Ora Clay

Ora Clay

In Alabama, as a young child of four or five years of age, I observed my mother making quilts for our beds on a quilting frame of two-by-fours. I watched her stretch the balls of cotton that we grew into a batting layer, and wash and soften flour sacks for backing fabric.

In 2011, my daughter took me to a series of classes at the Museum of the African Diaspora in San Francisco (MOAD), which was taught by master quilter, Marion Coleman. As a beginner I started with quilt post cards and then moved to a set of 12 small quilts to illustrate a calendar series I made every year for family and close friends. My first calendar based on quilts was a “bed” series and the most recent one feature sayings my mother used when I was growing up.  

Since those first quilts, I have done more than two dozen quilting projects including cards, pillows, and wall hangings. I have learned to use quilts to tell a story by using photos, sayings, and events from my cultural background. My quilts have been exhibited over a dozen times, while one being featured in the New York Times Art Section.

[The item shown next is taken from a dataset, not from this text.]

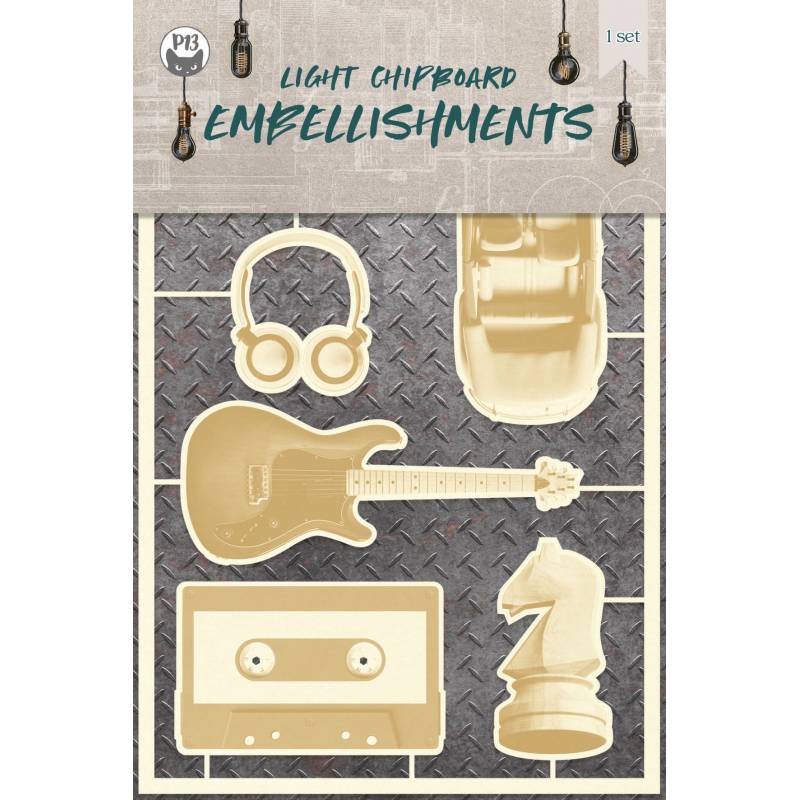 Light chipboard embellishments Free Spirit 02, 6pcs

I enjoy the process of quilt making. We have moved from coverings for beds to public and private art depicting who we are. Quilting not only allows me to create beautiful art, working with different colors and textures, but also to use the beauty of the quilting medium to draw the viewer into thinking about serious issues facing our world.


The best feeling I have had as an artist came when I saw one of my quilts hanging in a public space for the very first time. That quilt was part of a project sponsored by the African American Quilting Guild of Oakland, (AAQGO,) whose mission is  “To preserve and continue the tradition of quilting.”